I stood back, watching, wondering when I was expected to approach her. Miraculously, she was speaking to my grandmother, those few words of conversation transforming her instantly into a human being like the rest of us. I felt slightly safer, less in awe. “Come on over,” my grandmother called to us, her hesitant grandchildren who were, she probably observed, suddenly, unnaturally, quite shy. “Miss S. would like to talk to you.”

I could never recall what happened to my cousin in the next moments—whether she was there or not–for the dying woman became the focus of my young universe. Although it was growing hotter, the temperatures of July having penetrated the unconditioned room, Miss S. appeared incredibly cool and clean, covered as she was with just a thin, vividly white sheet.

Her skinny body seemed to occupy barely a corner of the bed. Her arms, the most salient part of her structure, extended out from under her coverlet like elongated, bony poles.
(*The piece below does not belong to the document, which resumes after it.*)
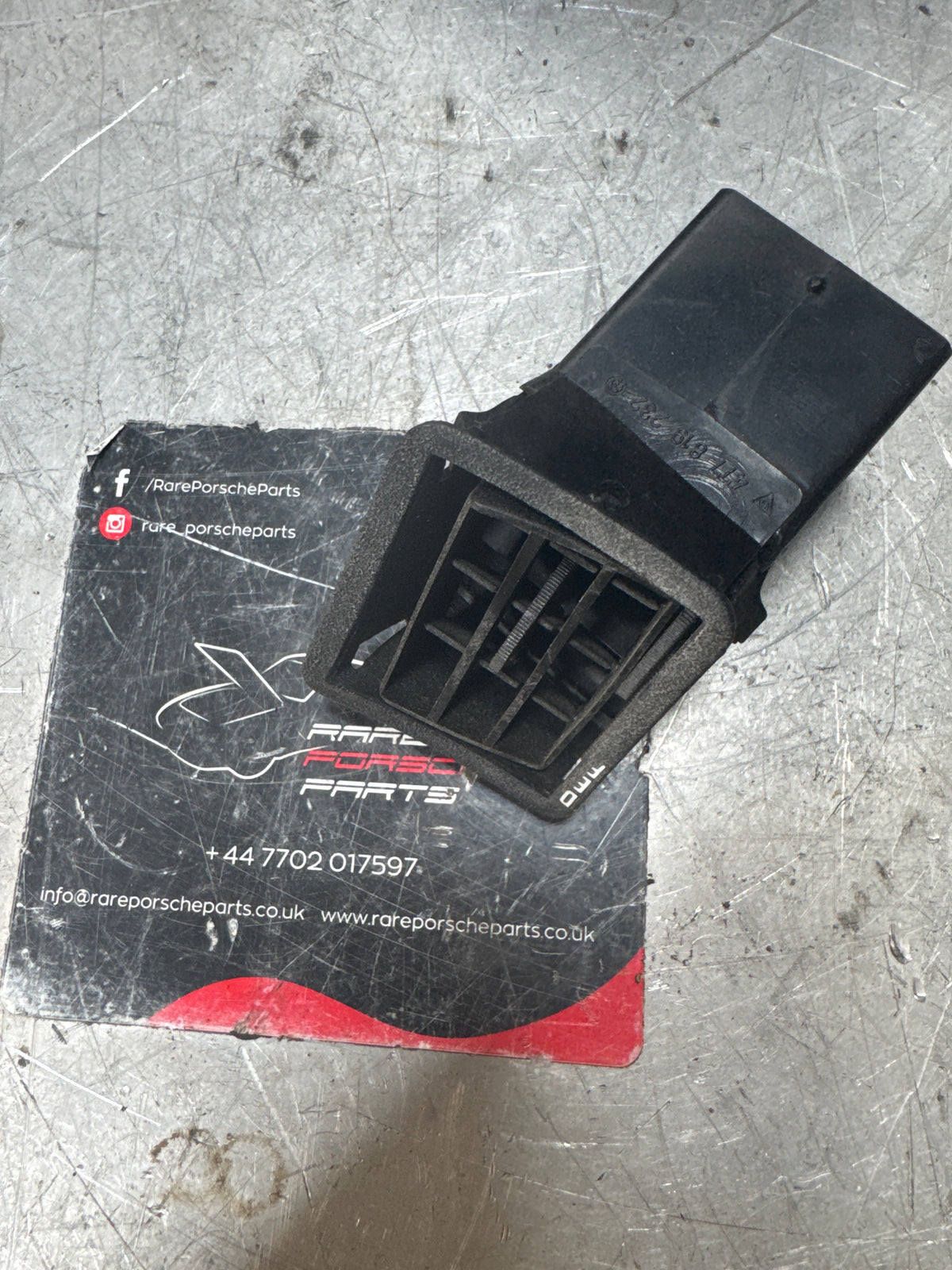 Porsche 924/944 Black dash air vent. Right, with connecting piece 477819232 / 477819717 used spares or repair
I noticed an unfamiliar film on her skin, almost transparent perspiration, yet waxy in substance, almost sticky. The residue I realized in dawning repulsion, of her grave illness. Briefly, I detected a sweet smell, simultaneously bitter and sweet, which I knew must emanate from her.
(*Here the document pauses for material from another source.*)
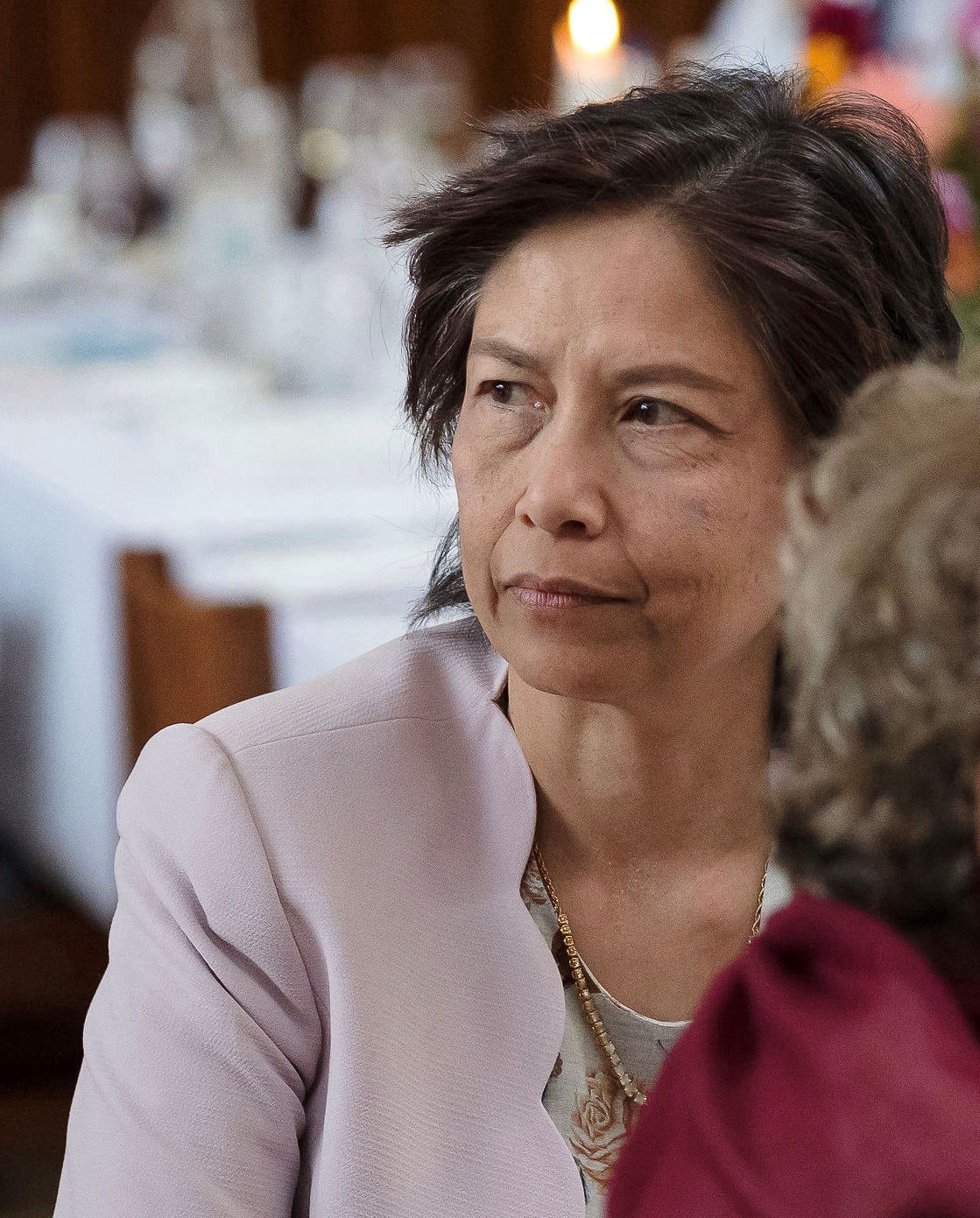 SanYuMay Tun pictured seated with tables behind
I wanted to draw back, but I was expected to touch her. It was somehow my responsibility–a sign, a symbol of reverence for mankind that I as a child did not fully comprehend. Hadn’t I heard it in the sermon only that morning—of God, of Jesus, of a greater spiritual force, unseen, unknown, of a place far beyond my fairytale image of a heaven filled with pretty haloed angels and wooly, toylike lambs, half religion, half fantasy.

I finally reached for Miss S’s hand. I could feel the unusual smoothness of her flesh, the skeletal fingers, breakable, brittle, even in my tentative grasp. Was she truly going to die?

The enormity of her impending death was unfathomable to me. A vision of the town cemetery on the hill flashed in front of me. How could Miss S. be going there soon? Buried deep in the earth, smothered however under a heavy, marble tombstone. So final, intractable. The grass might be the freshest green, the sky the brightest blue, but she would never see it again.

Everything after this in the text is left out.